EXCERPTED RECORDS:
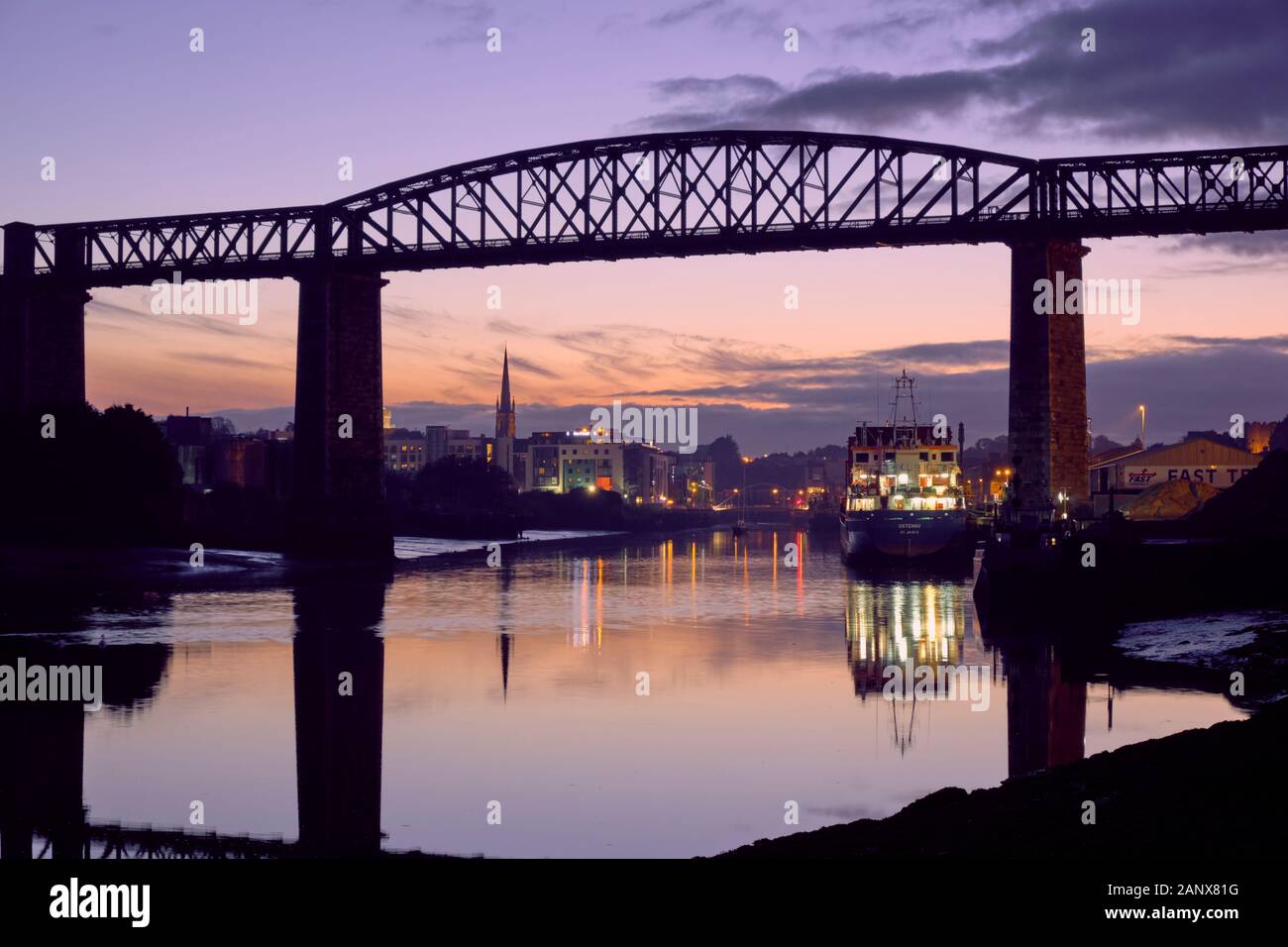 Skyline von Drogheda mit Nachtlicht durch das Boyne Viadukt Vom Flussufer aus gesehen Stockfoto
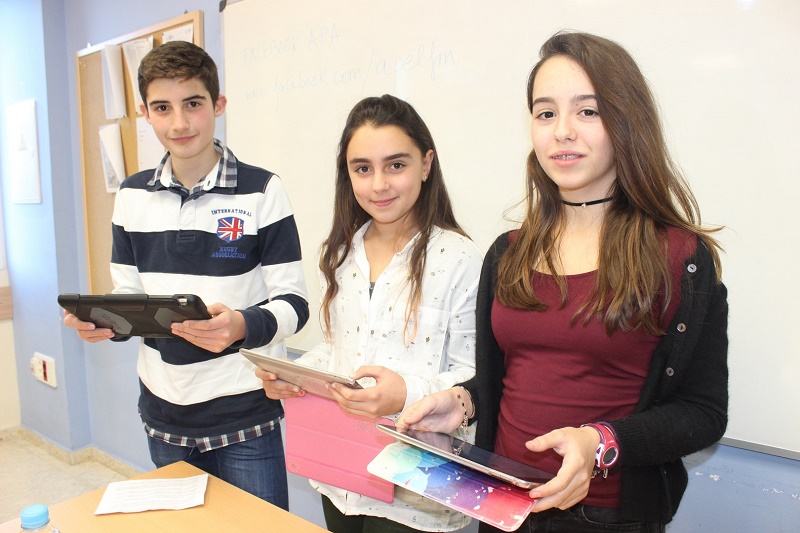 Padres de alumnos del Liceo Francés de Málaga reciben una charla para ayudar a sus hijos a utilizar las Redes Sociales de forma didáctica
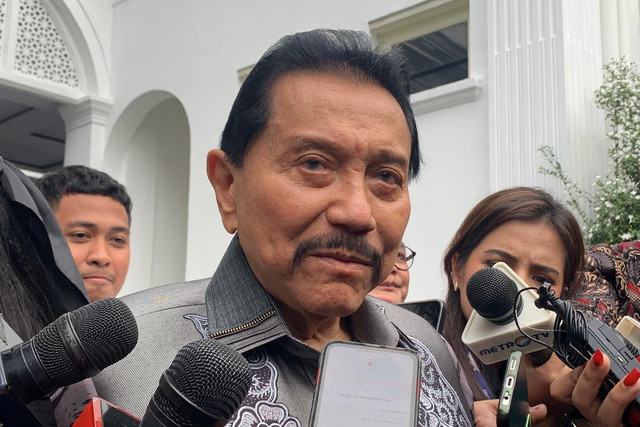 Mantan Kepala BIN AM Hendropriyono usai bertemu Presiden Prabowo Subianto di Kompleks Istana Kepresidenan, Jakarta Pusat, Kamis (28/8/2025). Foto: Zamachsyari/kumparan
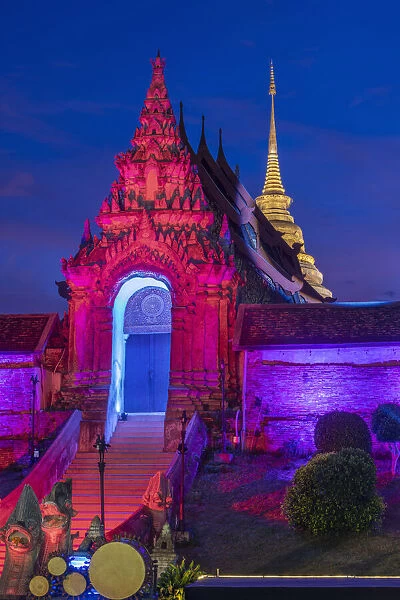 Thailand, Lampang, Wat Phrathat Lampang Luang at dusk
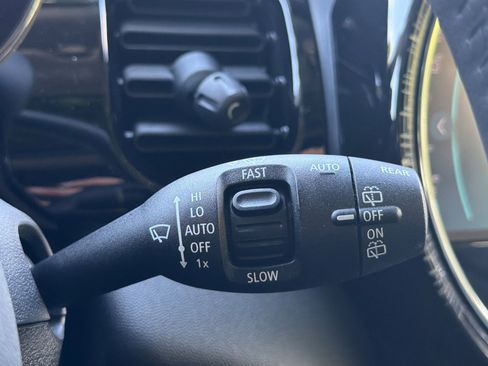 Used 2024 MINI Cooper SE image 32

--

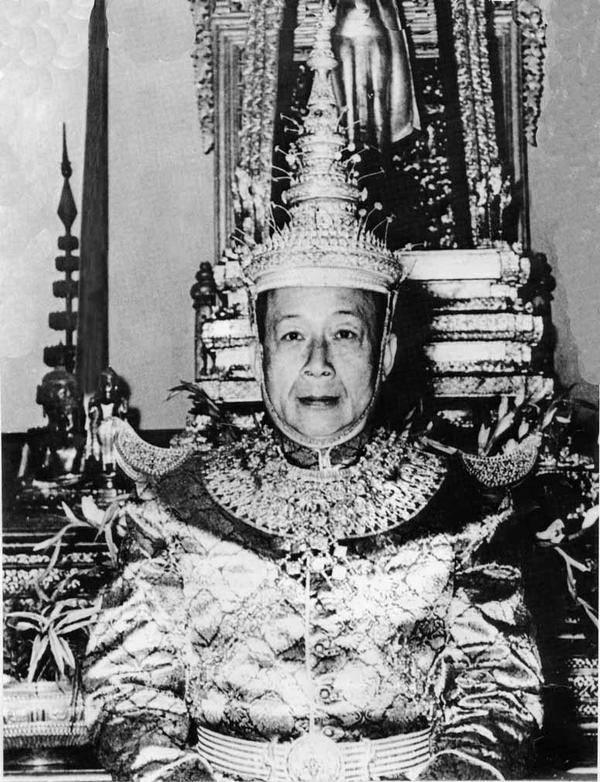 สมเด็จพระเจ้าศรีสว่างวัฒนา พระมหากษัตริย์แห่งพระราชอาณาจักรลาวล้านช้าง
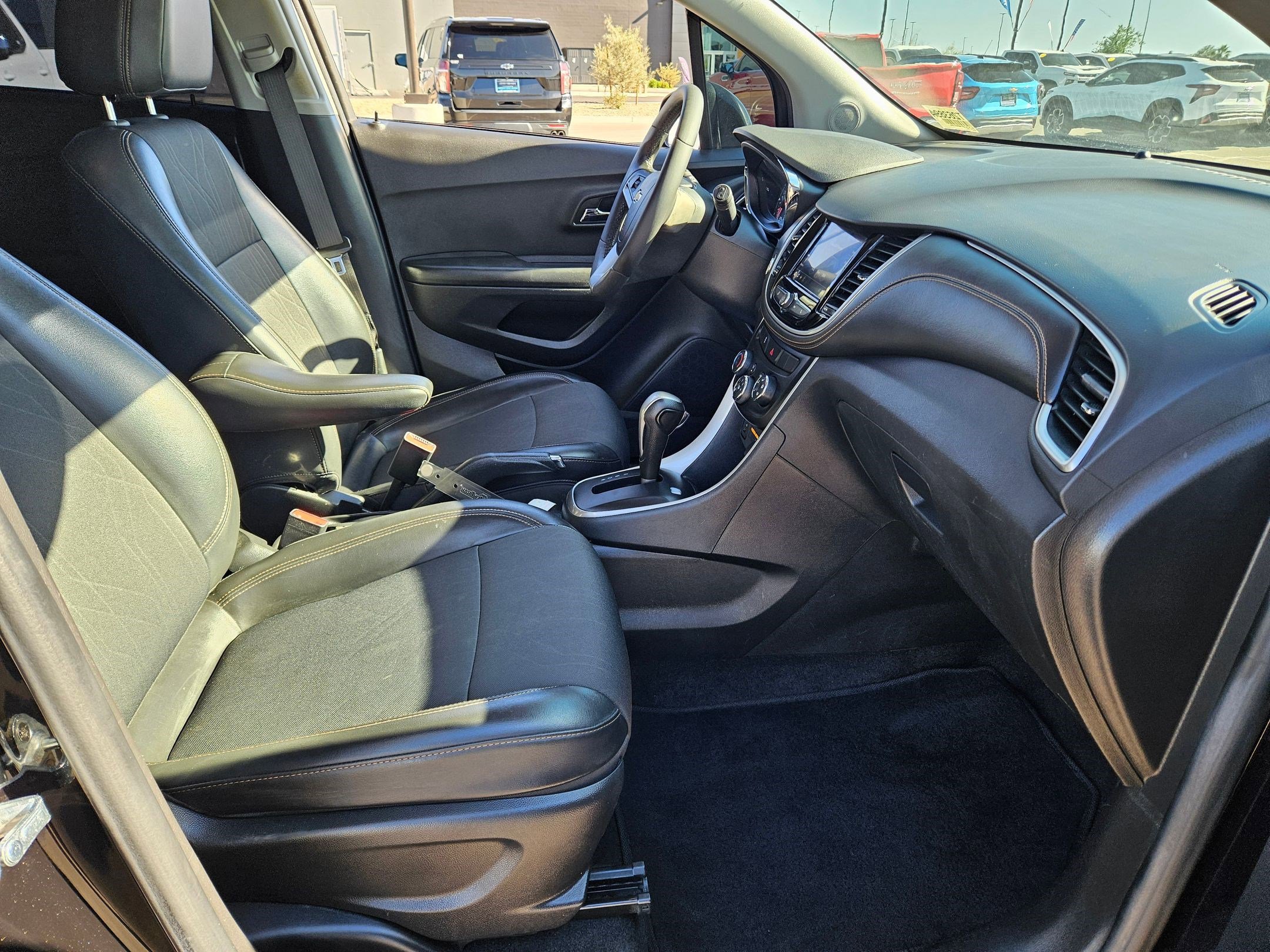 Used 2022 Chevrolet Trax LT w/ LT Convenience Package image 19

EXERCISE: Above, find the line holding "Mantan Kepala BIN" and the line holding "Used 2024 MINI Cooper SE image 32". Print exactly those two lines and every line between them, but no pictures.

OUTPUT OF THE EXERCISE:
 Mantan Kepala BIN AM Hendropriyono usai bertemu Presiden Prabowo Subianto di Kompleks Istana Kepresidenan, Jakarta Pusat, Kamis (28/8/2025). Foto: Zamachsyari/kumparan
 Thailand, Lampang, Wat Phrathat Lampang Luang at dusk
 Used 2024 MINI Cooper SE image 32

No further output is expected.